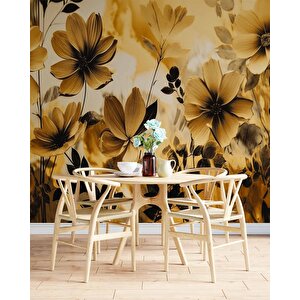 Sarı Çiçek Çizim Desenli Duvar Kağıdı - Dkm884103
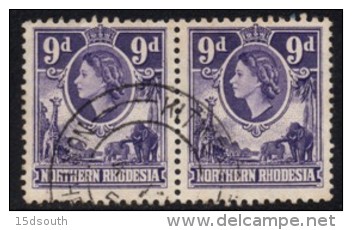 Northern Rhodesia - 1953 QEII 9d Pair (o) # SG 69 - Northern Rhodesia (...-1963)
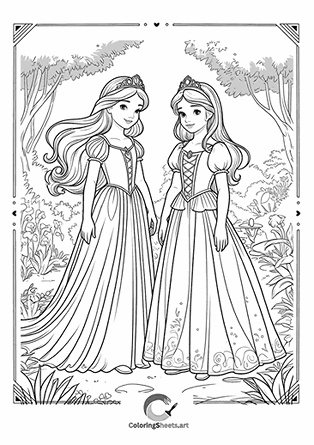 Two Princesses in the Garden – Two friends standing together in a peaceful garden.
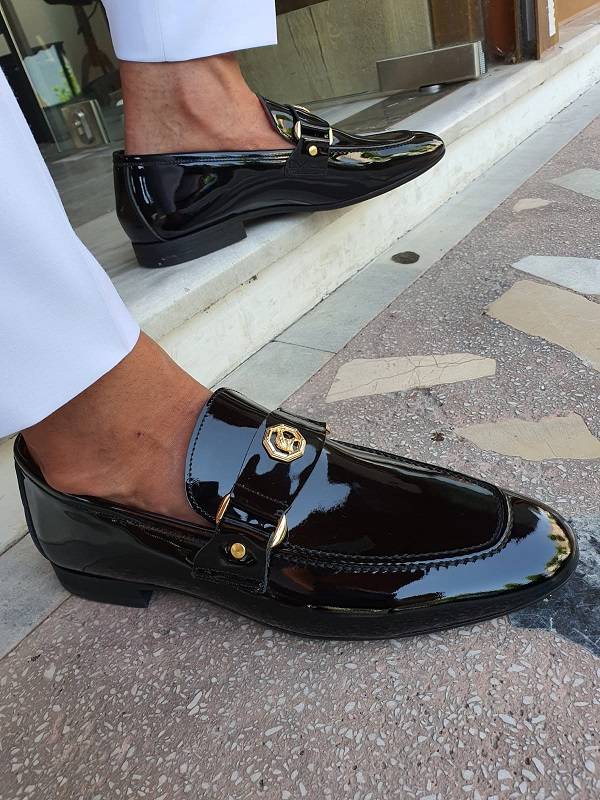 Black Patent Leather Penny Loafers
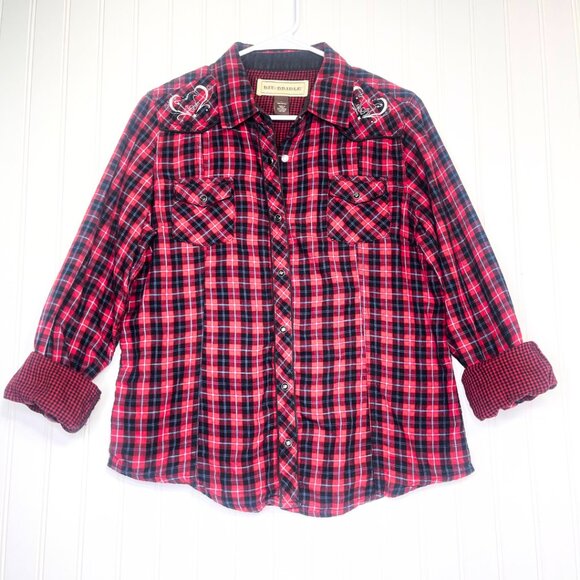 Red Multi Color Long Sleeve Button Up Pearl Snap Flannel Shirt Large - Picture 2 of 14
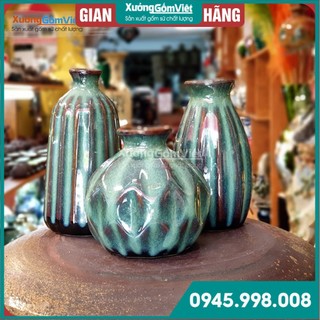 [ SALE COMBO ] Bộ 3 lọ hoa men hỏa biến đẹp biến thể thể nhiều màu - XƯỞNG GỐM VIỆT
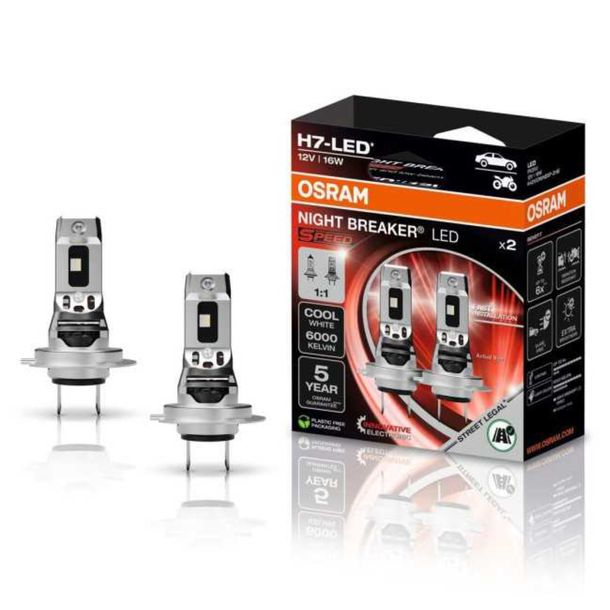 Фото - Автолампа SPEED ﻿Osram Żarówki Samochodowe H7 LEDOWE NIGHT BREAKER LED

·····

**To do**:
Reproduce the material above verbatim; omit every picture.

**Task result**:
 Sarı Çiçek Çizim Desenli Duvar Kağıdı - Dkm884103
 Northern Rhodesia - 1953 QEII 9d Pair (o) # SG 69 - Northern Rhodesia (...-1963)
 Two Princesses in the Garden – Two friends standing together in a peaceful garden.
 Black Patent Leather Penny Loafers
 Red Multi Color Long Sleeve Button Up Pearl Snap Flannel Shirt Large - Picture 2 of 14
 [ SALE COMBO ] Bộ 3 lọ hoa men hỏa biến đẹp biến thể thể nhiều màu - XƯỞNG GỐM VIỆT
 Фото - Автолампа SPEED ﻿Osram Żarówki Samochodowe H7 LEDOWE NIGHT BREAKER LED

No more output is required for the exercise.